Wanney się pokaleczył w nogi. Hmm.. musi być takim niezdarą? Wyszłam z pokoju leczniczego i wyszłam z zamku. Nie było niczego do roboty.
Drużyna pierwsza przygotowywała się do swojej przegranej, a trzecia jest już pokonana, ale częściowo. Wiedziałam, że będą chcieli odbić Atenę i Bellę, no cóż trudno...
-Nemezis? -Usłyszałam głos za sobą. Odwróciłam się. Za mną stał Rahul.
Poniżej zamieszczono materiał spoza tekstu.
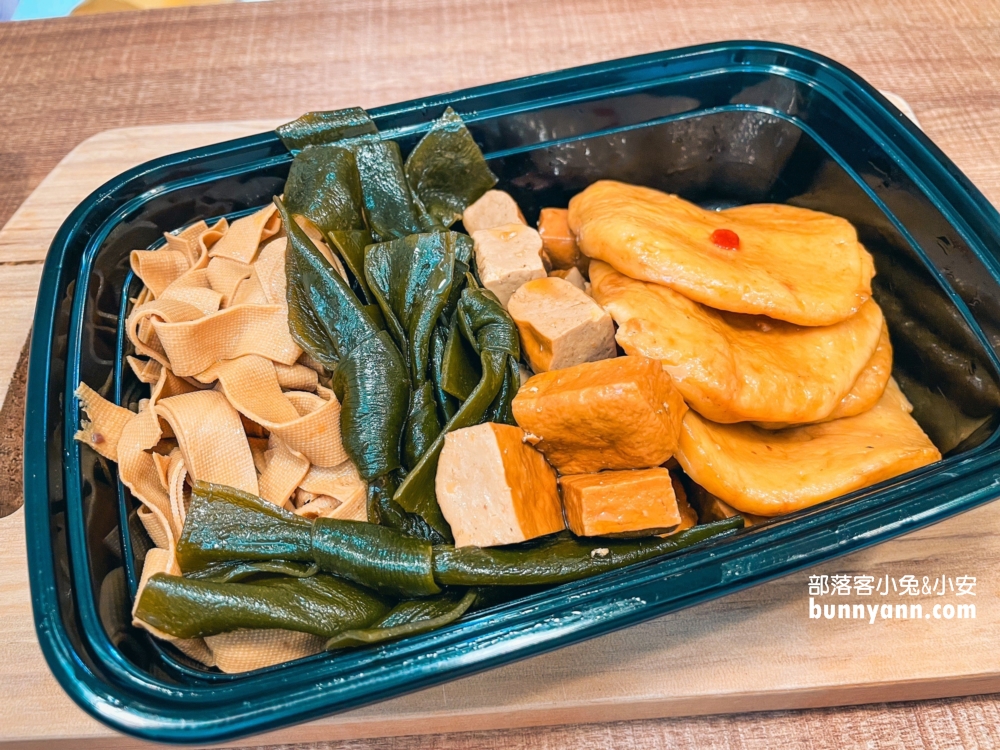 麻利蓮夢滷｜網路評價4.9顆星位在不起眼小巷生意也是很好的麻辣滷味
Jeden z dowódców Spartakusów, w tym przypadku Wampirów.
-Czego chcesz? -Warknęłam.
-Rozmawiałem z pozostałymi Dowódcami i doszliśmy do wniosku że... -Westchnął. -Trzeba Ci pomóc.
-Pomóc? W czym?!
-No bo.. -Przerwałam Rahulowi.
-No bo co?! Wszyscy pytają się co się ze mną dzieje... Ale nic! Nic się nie dzieje! Nie postradałam zmysłów! Nie! Możecie się wszyscy odczepić ode nie?! -Krzyknęłam.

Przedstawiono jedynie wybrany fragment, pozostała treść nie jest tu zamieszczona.